Our Whole Story

Reverend Darcey Laine
September 18, 2005
Palo Alto, CA

Darcey Laine

Our Whole Story part 1

The history of Unitarian Universalism is often told something like this: In the 1500s a Spanish physician named Michael Servetus, the same man who discovered respiration in the lungs, published a book called “On the Errors of the Trinity” He believed that God was one, and that the bible did not say anything about a trinity. He was burned at the Stake by John Calvin in 1553 for refusing to retract this statement.

During this time, such ideas were traveling across Europe. Just a decade later in Transylvania [1568] a young king, John Sigismund was convinced to listen to great preachers of different sects of the Christian tradition that before he name the state religion. A preacher named Frances David won the day with his ideas about how the trinity was not in the bible, and how “we need not think alike to love alike.” David advised King John that not only his ideas but all Christian religious groups should be allowed to co-exist under an “edict of tolerance.” Now groups of Unitarians began to worship together for the first time under this name. Other strains of Unitarianism grew in Poland and in England.

But Unitarian ideas continued to be met with persecution. Joseph priestly, an English Scientist and Unitarian Minister fled to America after his laboratory was burned to the ground because of his ideas. [1791]

Many in America were responding to a powerful fundamentalist movement called “The Great Awakening.” This was revival movement that grew out of Calvinism. Opponents of this movement emphasized the importance of reason and logic, an approach to the bible that valued historical and critical thinking, and the importance of ethics. Unitarianism is one of the movements that grew out of this opposition.

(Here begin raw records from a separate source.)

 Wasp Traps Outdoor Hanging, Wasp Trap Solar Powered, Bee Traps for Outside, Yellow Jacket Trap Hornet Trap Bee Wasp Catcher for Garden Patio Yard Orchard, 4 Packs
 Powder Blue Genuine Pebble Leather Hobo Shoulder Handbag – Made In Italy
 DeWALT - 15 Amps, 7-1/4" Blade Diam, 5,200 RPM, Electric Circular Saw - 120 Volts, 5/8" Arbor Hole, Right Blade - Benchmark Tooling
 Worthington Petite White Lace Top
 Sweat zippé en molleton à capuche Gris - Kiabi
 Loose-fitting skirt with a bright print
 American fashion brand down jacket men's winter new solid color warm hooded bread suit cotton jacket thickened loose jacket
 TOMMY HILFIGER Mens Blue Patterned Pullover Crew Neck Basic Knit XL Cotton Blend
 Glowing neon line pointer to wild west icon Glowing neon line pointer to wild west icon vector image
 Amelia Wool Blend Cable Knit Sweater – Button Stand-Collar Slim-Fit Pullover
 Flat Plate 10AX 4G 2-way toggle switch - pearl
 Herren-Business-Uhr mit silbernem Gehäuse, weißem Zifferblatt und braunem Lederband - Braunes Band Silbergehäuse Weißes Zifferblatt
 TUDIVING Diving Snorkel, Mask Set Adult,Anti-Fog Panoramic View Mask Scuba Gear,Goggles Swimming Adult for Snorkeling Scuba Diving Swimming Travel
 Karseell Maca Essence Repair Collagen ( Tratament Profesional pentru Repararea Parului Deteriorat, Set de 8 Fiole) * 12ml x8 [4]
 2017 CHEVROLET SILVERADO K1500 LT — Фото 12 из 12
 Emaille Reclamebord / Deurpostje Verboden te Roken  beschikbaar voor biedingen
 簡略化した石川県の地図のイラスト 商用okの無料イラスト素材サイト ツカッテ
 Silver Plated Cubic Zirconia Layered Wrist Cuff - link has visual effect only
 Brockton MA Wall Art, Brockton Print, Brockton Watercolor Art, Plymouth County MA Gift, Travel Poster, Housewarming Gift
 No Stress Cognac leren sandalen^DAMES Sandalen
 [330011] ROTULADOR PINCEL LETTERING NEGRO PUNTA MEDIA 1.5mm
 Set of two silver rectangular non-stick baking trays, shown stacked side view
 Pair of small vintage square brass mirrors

But the Unitarian churches were still part of the state-sponsored church system. Universalism, which had its roots in similar ideas, believed in a separation of church and state, and were allied with radical fringe groups like the Quakers. Universalism grew up in opposition to Calvinism, which said that only a certain small group had been chosen by God at the beginning of time to go to heaven; the rest of us were going to hell.

Universalists thought that this seemed like something an all powerful all loving God would not put in his design, and centered their faith with the idea that all persons could be saved.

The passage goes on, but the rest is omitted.